Shanahan also weighed in on the Redskins naming Griffin the starter for 2015 early in this offseason over fellow returning quarterbacks Colt McCoy and Kirk Cousins. Griffin is entering his fourth season with Washington since being chosen No. 2 overall in the 2012 draft.
“At least in my opinion, nobody is the unquestioned starter regardless of what position you play,” Shanahan said. “You’ve got to go out there and prove every year that you’re the best guy at what you do. Your teammates know very quickly. You as a head coach, if you start somebody regardless of what position it is, and the players understand maybe you’re not playing the best player, you lose that football team very quickly.”

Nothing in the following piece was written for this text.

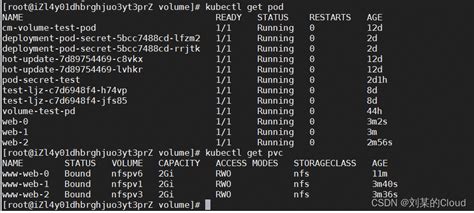 Kubernetes 持久卷PVPVC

Shanahan expressed little surprise that Redskins general manager Scot McCloughan said he’d received little trade interest for Cousins this offseason. But that doesn’t change his opinion of the quarterback, Shanahan said – especially if he lands in a situation where a team puts a bigger emphasis on the running game.
“I think Kirk Cousins will be a big-time player for a lot of years in the National Football League,” Shanahan said.
He later added: “I’ve seen first hand what he can do and once he gets a team with a little balance he’ll have a very successful NFL career.”
Shanahan again lamented the $36 million in salary-cap penalties levied against the Redskins by the NFL in 2012 that prevented the team’s front office from making necessary upgrades to improve the roster.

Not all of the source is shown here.